**EXTRACTED ENTRIES:**

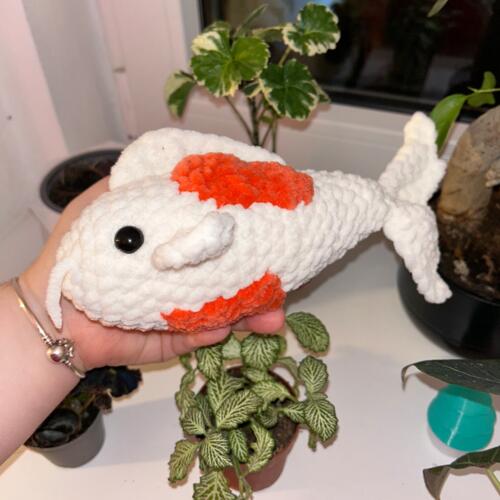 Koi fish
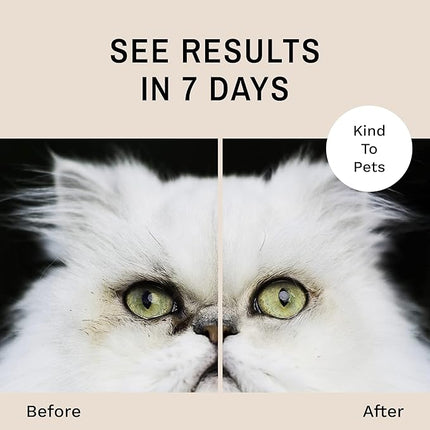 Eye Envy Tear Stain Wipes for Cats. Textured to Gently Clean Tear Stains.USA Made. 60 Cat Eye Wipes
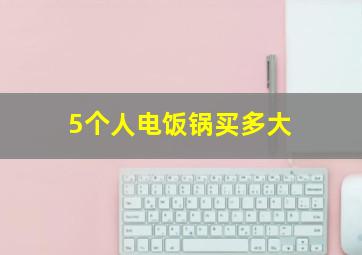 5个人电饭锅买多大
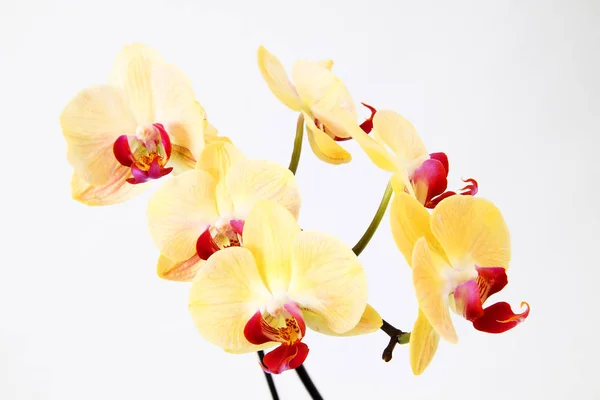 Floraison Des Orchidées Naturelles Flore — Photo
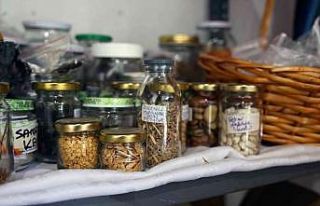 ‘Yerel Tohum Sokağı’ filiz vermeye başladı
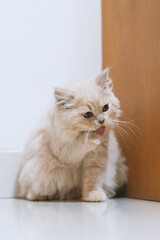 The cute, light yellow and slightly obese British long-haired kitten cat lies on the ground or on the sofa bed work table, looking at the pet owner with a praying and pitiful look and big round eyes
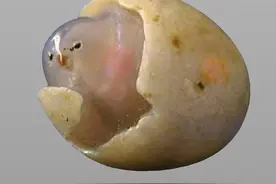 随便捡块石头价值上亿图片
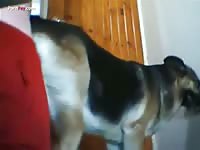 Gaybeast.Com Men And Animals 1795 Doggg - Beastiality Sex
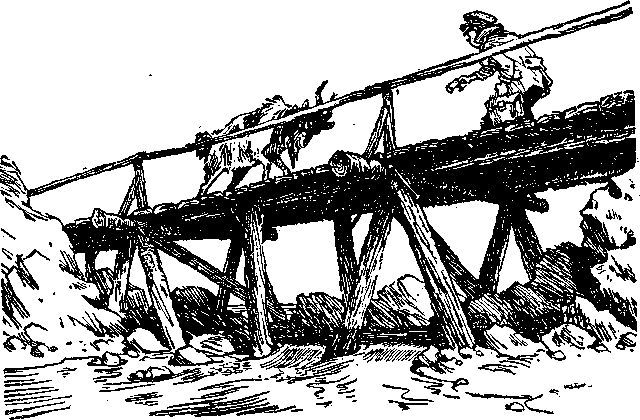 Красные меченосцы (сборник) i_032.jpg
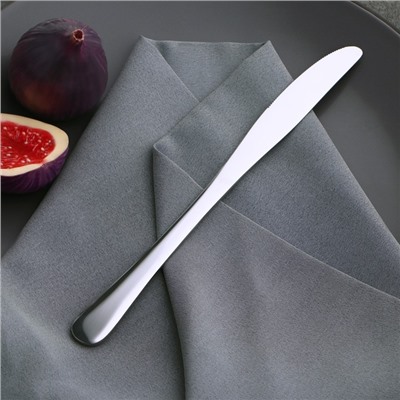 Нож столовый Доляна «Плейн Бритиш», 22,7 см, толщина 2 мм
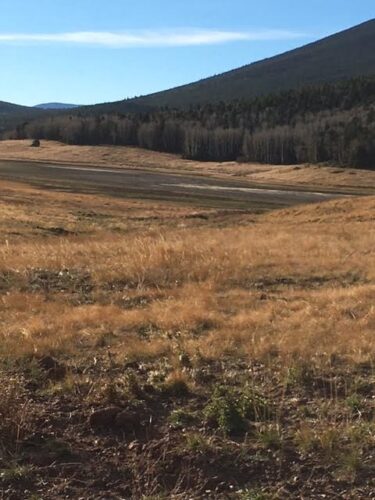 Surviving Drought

* * *

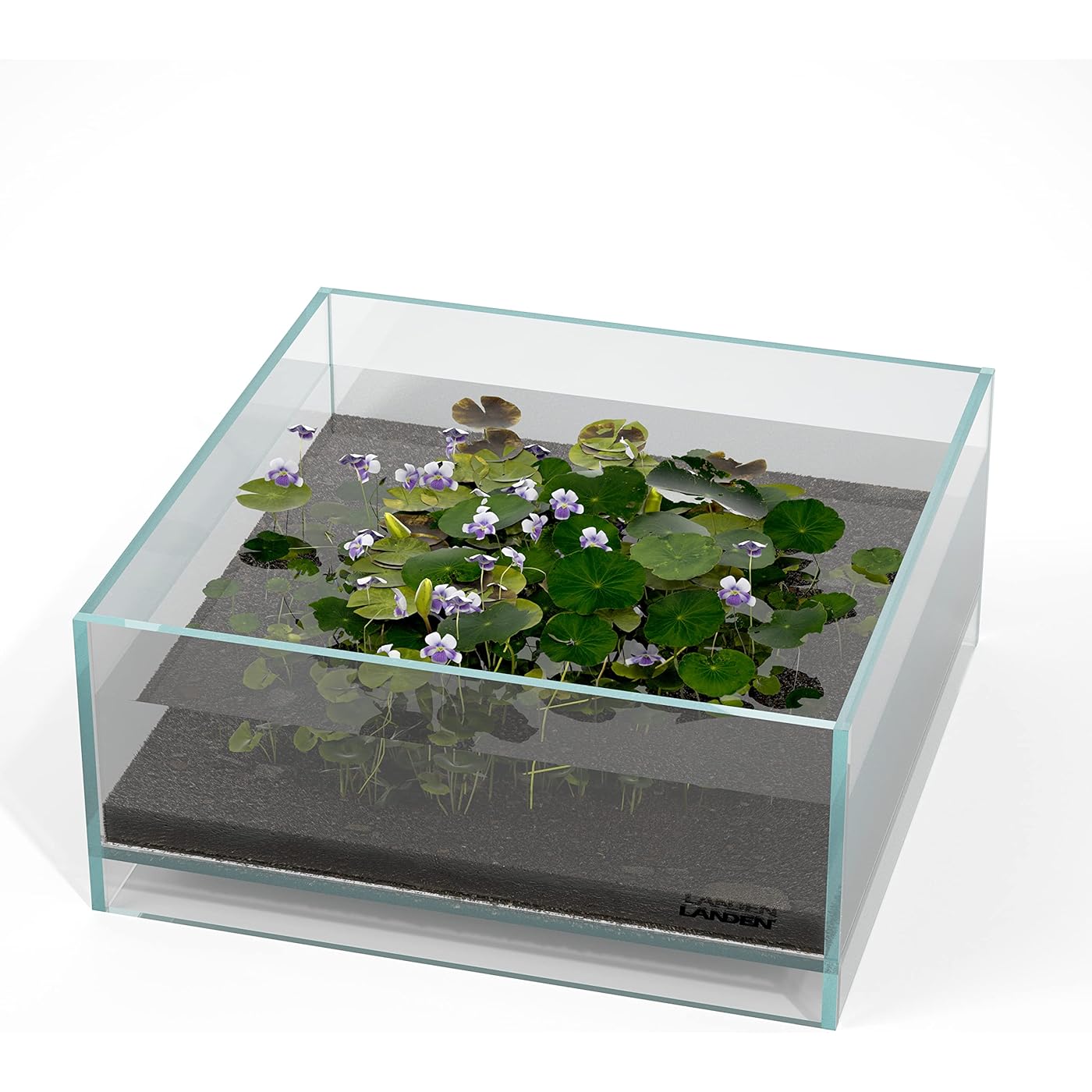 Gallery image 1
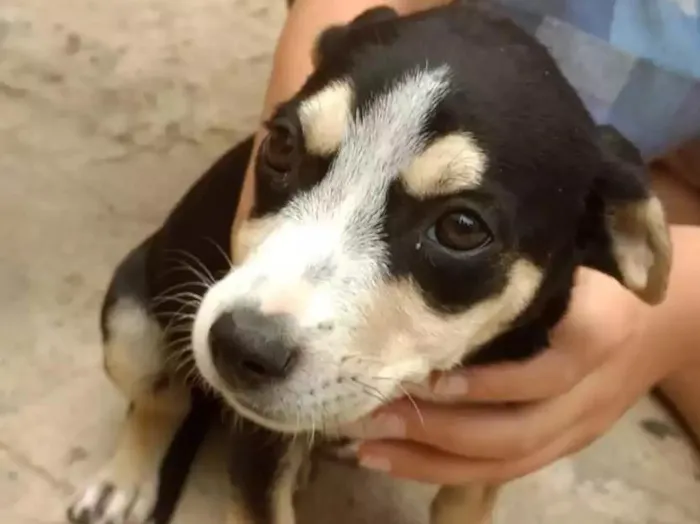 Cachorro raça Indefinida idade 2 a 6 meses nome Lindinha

**TASK DIRECTIONS:**
Reproduce exactly the lines of the data above that run from the line with "随便捡块石头价值上亿图片" down to the line with "Surviving Drought", both ends included. Pictures do not belong in the copy.

**RESULT OF THE TASK:**
 随便捡块石头价值上亿图片
 Gaybeast.Com Men And Animals 1795 Doggg - Beastiality Sex
 Красные меченосцы (сборник) i_032.jpg
 Нож столовый Доляна «Плейн Бритиш», 22,7 см, толщина 2 мм
 Surviving Drought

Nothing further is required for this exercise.